The separation characteristics of the device have been evaluated experimentally, and the results have been assessed in terms of the design rules of Di Carlo (2009). We have shown that increasing the flow constraints of the physical separation with precise modification of the output pressure conditions can enable a significant increase in the deliverable concentration and specificity of separation of specific microparticles to device fluid ports for subsequent use, such as bioassays. In this case, it was found that a minor 2.0 kPa pressure differential across the four outlet channels optimised the flow separation to output ports between the focused particle paths.

We have demonstrated that simple Dean flow-based PMMA–PDMS microstructures have the potential be used to concentrate and separate small, closely sized 2.1 and 3.2 μm microparticles and to ‘clean up’ smaller 1.0 μm microparticles.

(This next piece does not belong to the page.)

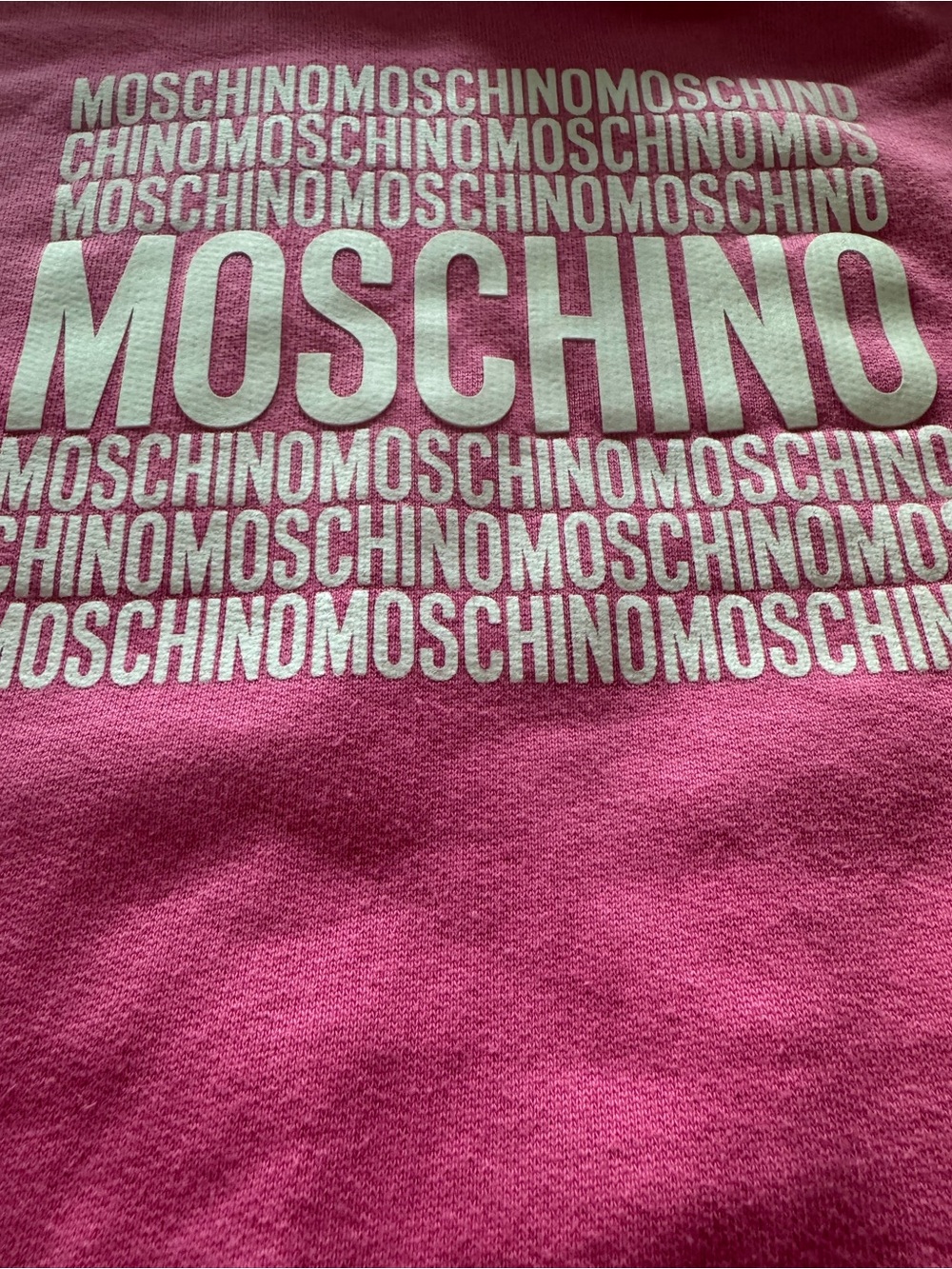 Moschino Kids Girls Logo Hoodie Hot Pink Size 10 - Picture 4 of 7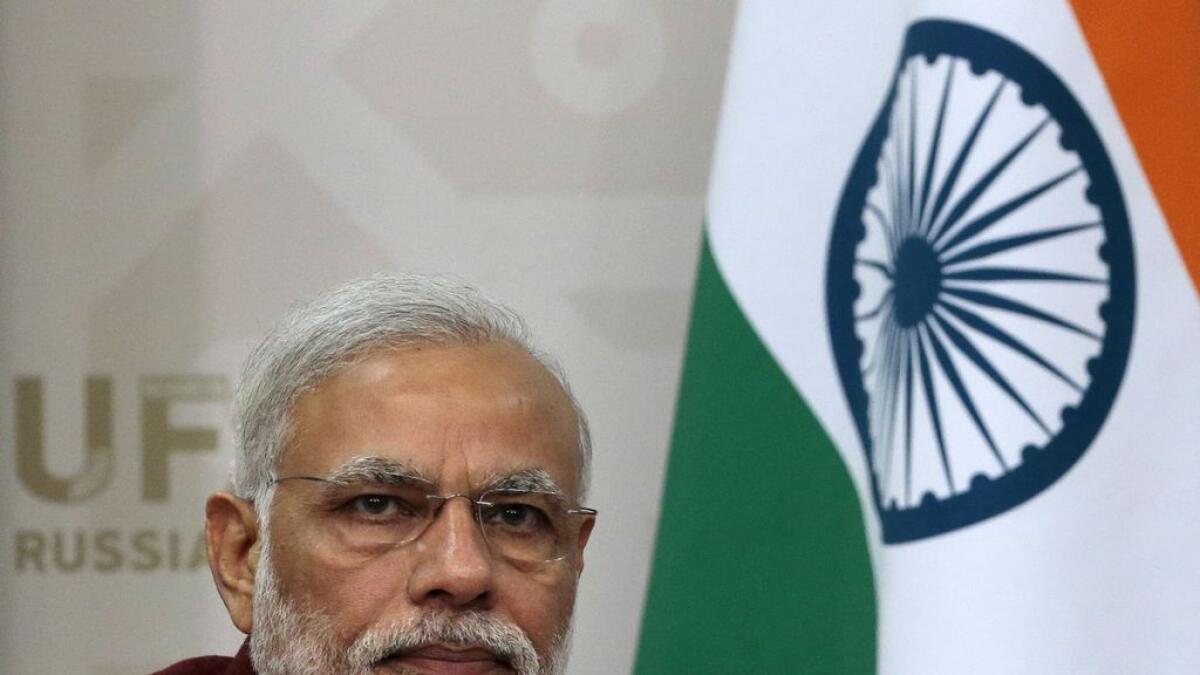 Indian Prime Minister Narenda Modi in Ufa, Russia.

We conclude that concentration and separation of pathogenic microorganisms with equivalent diameters of 2.0 μm and above in conjunction with clean-up of smaller target material is possible using Dean flow separation devices. However, further optimisation would be possible employing refined channel dimensions in conjunction with increased channel lengths. Whilst this would be at the expense of reduced throughputs, they would remain in a deployable range. Such optimisation would also allow the recovery of a greater proportion of cleaned-up small material (evidenced here by 1 μm microspheres) with a yet lower level of larger particulate contamination. We believe that optimisation of the rapid prototyping process reported would facilitate this work; however, alternative, hard polymer, rapid prototyping and bonding technologies would be better suited to further developments.